+<?xml version="1.0" encoding="UTF-8"?>
+    <bookinfo>
+        <graphic fileref="logo.jpg"/>
+        <productname>eXist-db – Open Source Native XML Database</productname>
+        <title>Extracting Content from Binary Files</title>
+        <date>September 2012</date>
+    </bookinfo>
+    <chapter>
+        <section>
+            <title>Overview</title>
+            <para>eXist-db excels at querying, indexing, and manipulating XML files. The Content
+                Extraction module extends eXist-db's XML abilities to binary files. The module
+                contains functions for extracting the content of the binary files, and returning the
+                content as XML. In this form, the content can then be queried, indexed, and
+                manipulated. This module is built on the <ulink url="http://tika.apache.org/">Apache
+                    Tika</ulink> library.
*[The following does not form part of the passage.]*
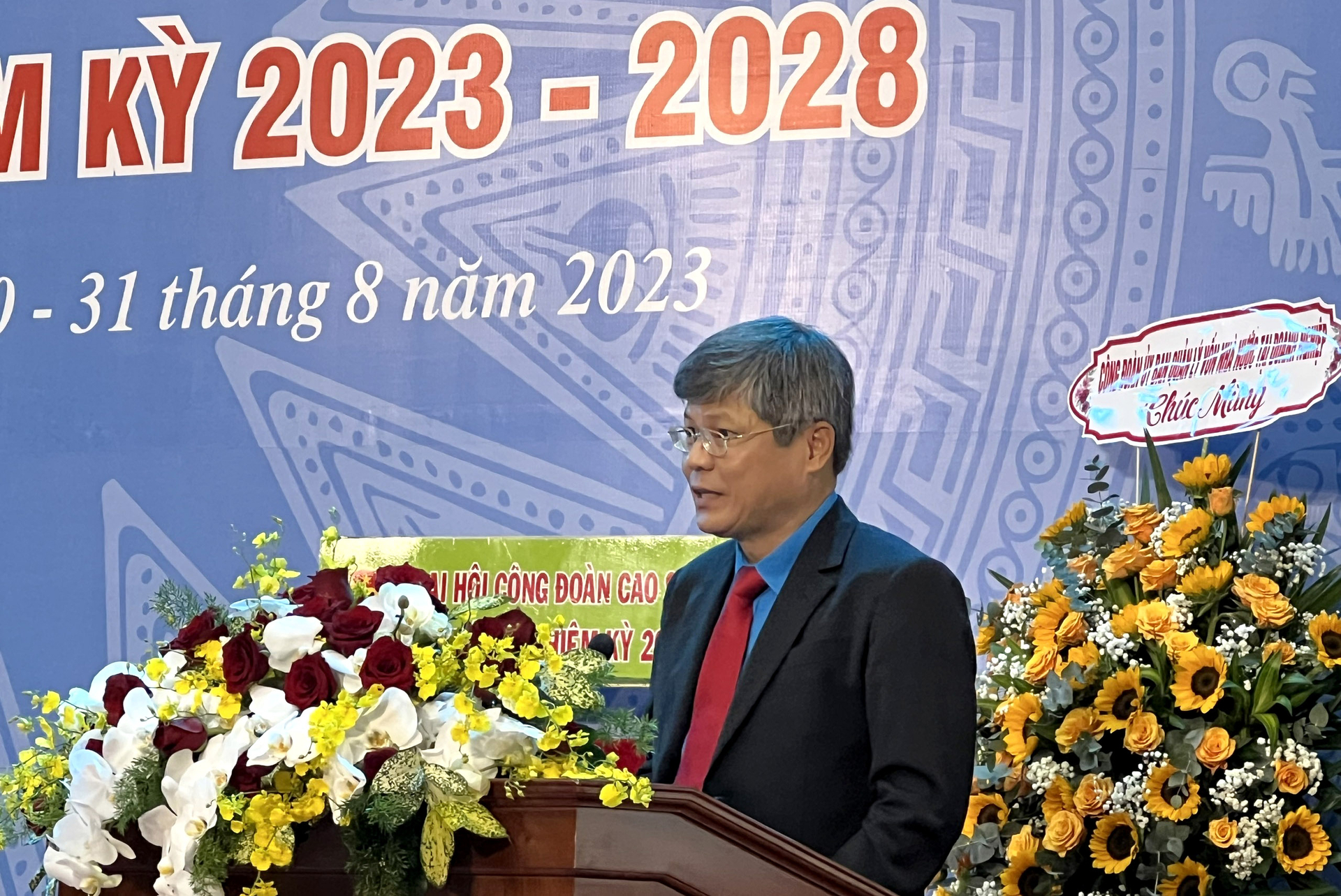 Ông Trần Công Kha, Chủ tịch HĐQT VRG khẳng định những kết quả đáng tự hào của Tập đoàn có sự đóng góp quan trọng của công đoàn cao su các cấp.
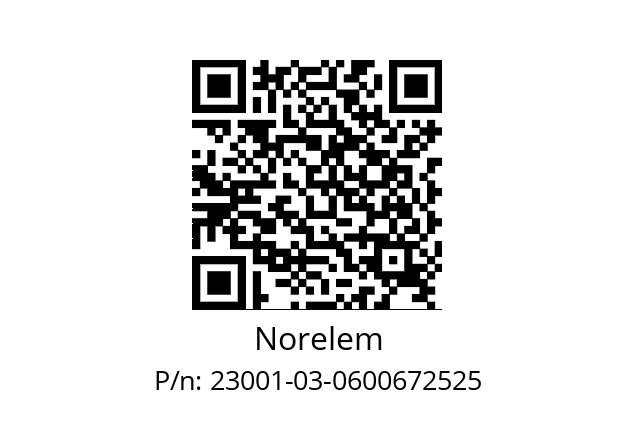   Norelem 23001-03-0600672525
Tika understands a large variety of formats, ranging from
+                PDF documents to spreadsheets and image metadata.</para>
+        </section>
+        <section>
+            <title>Enabling the Content Extraction Module</title>
+            <para>To enable the content extraction module, edit
+                EXIST_HOME/extensions/build.properties and set the include.feature.contentextraction
+                property to true:</para>
+            <synopsis># Binary Content and Metadata Extraction Module
+include.feature.contentextraction = true</synopsis>
+            <para>Next, call build.sh/build.bat from eXist's top directory to build the module. You
+                should see in the output how the various libraries from the Tika project are
+                downloaded and installed.</para>
+        </section>
+        <section>
+            <title>Usage</title>
+            <para>To import the module use an import statement as follows:</para>
+            <synopsis>import module namespace content="http://exist-db.org/xquery/contentextraction"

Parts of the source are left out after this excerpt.